I was disappointed with what I wrote in part 3 in that I don’t feel I had space to flesh out the central argument I wanted to. I know, that sounds dry and stuffy, and going into detail over an argument (an argument in the sense of logic, not bickering) is kind of like aggressively pointing out the load-bearing beams of a beautiful building: drawing too much attention to the structure of an argument can draw attention away from the entire point of the argument. So I apologize to my readers for waxing perhaps too philosophical in this post.
Nevertheless, I do want to flesh out the logic of the argument I presented, if for no other reason than to share an argument that has caused me personally to rule out “Naturalism” as a legitimate way to think of the world around me.

The force of this argument is to take one of the heartbeats of atheistic evolutionary thinking and consistently apply its own way of reasoning to itself. For if the universe consists in nothing but matter, and we are the product of blind chance molecules bumping into one another, then it follows that this longing for an alternate universe with no pain in it was also produced by these chance molecule encounters.
Consider your own creeds about human nature. Non-theistic evolutionary thinking feeds on a particular line of reasoning: survival and adaptation. The Darwinian imagination explains much of our nature as humans by thinking about how attribute x is useful for survival: “We walk upright because it helped us see predators in the bush”, “We developed big brains because that helped us survive and adapt”, etc.

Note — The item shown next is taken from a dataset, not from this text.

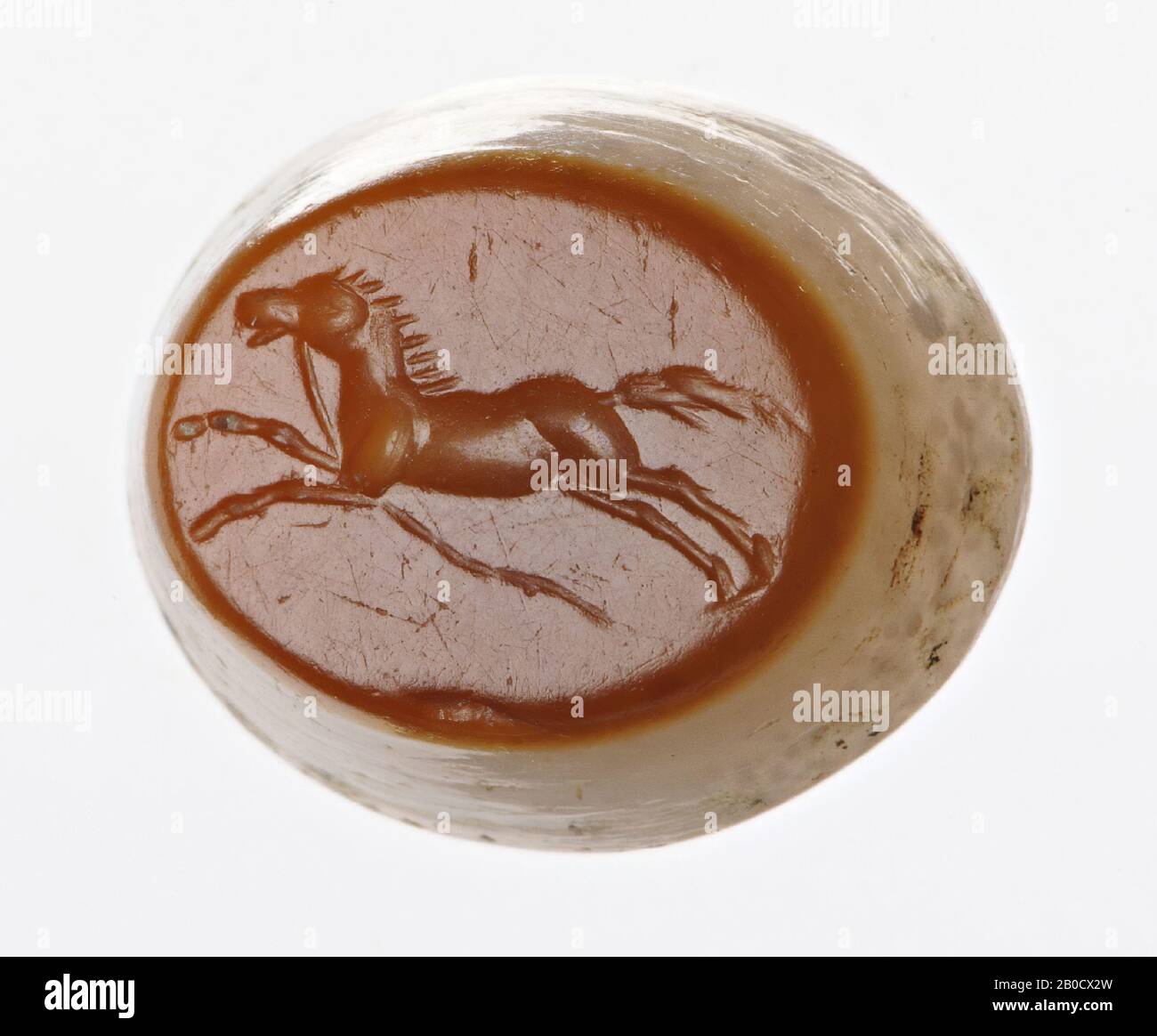 VZ: L'animal court dans un galop rapide, alors qu'une bride lâche est montré dans le champ, il s'est clairement échappé d'un char., Gem, intaglio, agate, 3 couches horizontales, couleur: Blanc grisâtre Banque D'Images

But when applying this reasoning to the problem of pain, I found those explanations which make atheism appealing end up undoing its appeal. For to be consistent, it also must conclude that the experience of human reasoning about suffering is there because it serves some adaptive purpose: either that, or it is an unfortunate by-product of some other useful evolutionary development, kind of like that unfortunate bit of "evolutionary residue" we all carry around: our appendix. In the latter case, wishing suffering wasn’t there is an unfortunate and useless quirk of human nature.
Either way, the naturalist must conclude this: nature produced in us a profound longing for a reality that does not exist. Useful or not, nature created a powerful urge for which there is no satisfaction in nature.